At times, it can seem almost disconcerting that Doo spends so much time alone in this manner.

It's known that Doo's mom has placed strict limits on the boy's access to electronic doodads like television and computer games. Without these amusements, there seems to be little else to hold his attention indoors.

Following a snowfall, Doo spends his time shoveling the snow on the street toward the centre circle. He looks like he's trying to emulate the Sack adults doing the same thing on their driveways. In Doo's case, however, this is a rather purposeless endeavour. A passing snowplow will eventually perform the same function.

Thankfully, this doesn't seem to matter to young Doo. His attention seems focused on the shoveling journey rather than the shoveling destination. I've asked him numerous times if he would like to help me shovel the Wonders' driveway.

Aimless street shoveling, however, seems to be more his style.

***
When the snow has been cleared from the street, Doo's attention shifts to the small mountain of snow in the Sack's centre circle. This is when his digging efforts really begin.

Again, however, there doesn't seem to be any particular intention in Doo's behaviour. The boy digs with reckless abandon. Depending on the hardness of the snow, he'll use any kind of digging implement he can get his hands on. Lately, the small mountain of snow has been transformed into a giant, crudely formed ice cube. Doo has been whacking at it daily with some kind of metal rod.

Your agent's curiosity about Doo's activity in the circle has mounted as time has passed. A few weeks ago, I ventured over to him to inquire about the purpose of his labours.

"What are you doing?" I asked pleasantly.

"Nuthin'" the boy replied. He barely looked up from his digging.

Doo was standing atop the mountainous lump, while your agent stood at ground level. Scattered about his work area were the tools of his trade: a garden spade, a hockey stick, several two-by-fours and a three-foot metal rod. It was a veritable smorgasbord of digging implements.

"Are you building something?" I inquired, imagining the foundation of an impending winter fort. Pausing for a moment, the boy gave me a blank, distracted look. Finally, he gazed down at your agent.

"Naw, I'm just diggin'."

***
It's now official. Jeff Christ hath forsaken us.

A few weeks ago, Jeff left for the promised land in Alberta. He has a job lined up with the oil sands project. Apparently, it will pay twice as much as his former team leader position at the local call centre. Jeff hopes to return to the old town to complete a teaching degree at one of the local universities. However, this depends on whether he gets accepted at other universities in Canada.

Weed says it should be no surprise that the call centre has gone "tits up" so soon after Jeff Christ's departure. Jeff stopped working there just after Christmas.
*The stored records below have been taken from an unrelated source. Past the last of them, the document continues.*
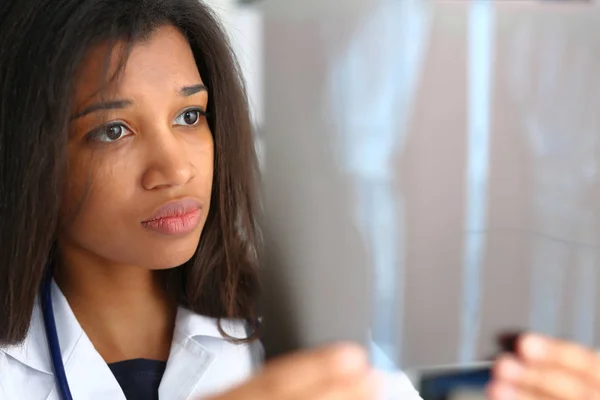 Женщина черный врач держать в руке и смотреть — стоковое фото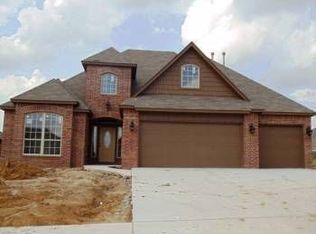 20521 E 35th Pl S, Broken Arrow, OK 74014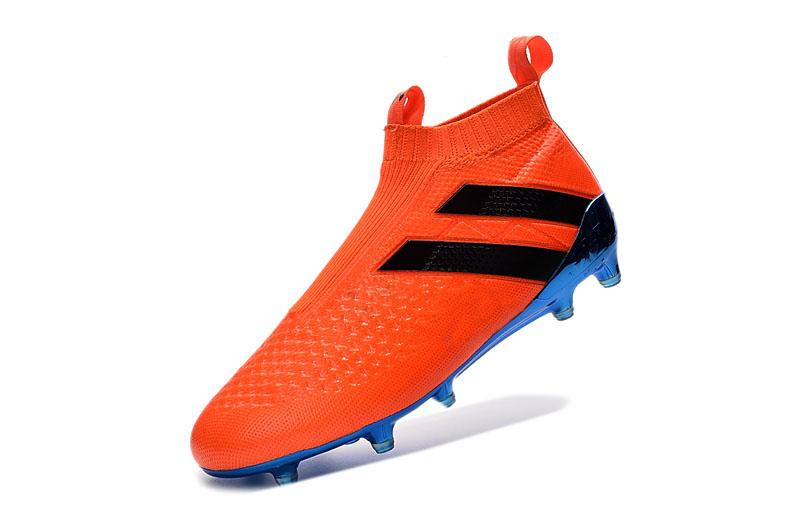 soccer shoes with no laces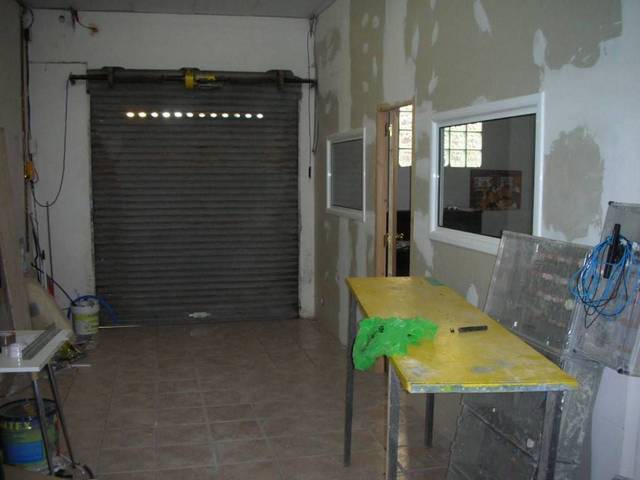 Local comercial en Venta en Escodines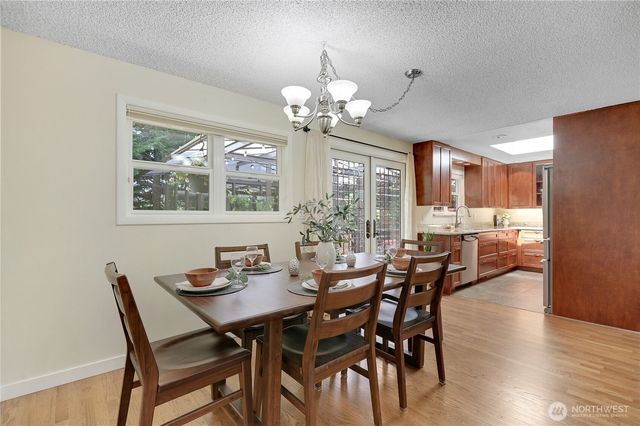 10157 NE 200th Street, Bothell, WA 98011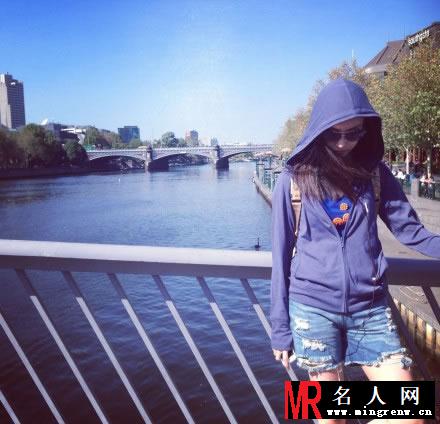 倪妮2014墨尔本之旅生活照 活泼好动享受生活(1)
"Jeff didn't know the place would close," Weed explained, "but I think he had some kind of sixth sense about it."

Apparently, this is why Jeff Christ wasn't gobsmacked when he heard about the closure.

***
While Sack residents lamented Jeff Christ's departure, his uncle, Ben informed your agent that he wouldn't be surprised to see his nephew return sooner rather than later.

Apparently, the imploding economy also has affected the country's most lucrative industry. Folks from this neck of the woods have been migrating to Alberta for years in order to find well-paid employment. Now, some of them are being laid off. Many are returning home.

While Jeff's job isn't supposed to be in danger, Ben says it's still possible that more job losses could follow. Jeff, of course, was very optimistic about his chances. He said he wouldn't go if he didn't think he could make things work. Still, his uncle is concerned that he has put all his eggs in one basket.

"If his job goes tits up in a month," said Ben, "the kid's going to be gobsmacked."

Ben, of course, is a big fan of the Sack's word of the month shenanigans.

***
There are now ghosts living in the Sack.

The new occupants of Rental Doug's former abode still haven't been viewed in any detail. They moved in during December, but have scarcely been seen since then.

The matter has intensified in recent weeks. The house has stood silent for the last ten days. There are no tire tracks on the driveway. It remains unshoveled. The house is dark at night. Nevertheless, there are sporadic reports of lights on in the late evening.

Even if the young couple is actually a pair of ghosts, Weed says he's still impressed by the size of their carbon footprint.

"They didn't put out any garbage at all last week," he said calmly.

Oscar, however, has his own theory about the pair. He thinks they moved in and then did what an inordinate number of Sack residents have already done.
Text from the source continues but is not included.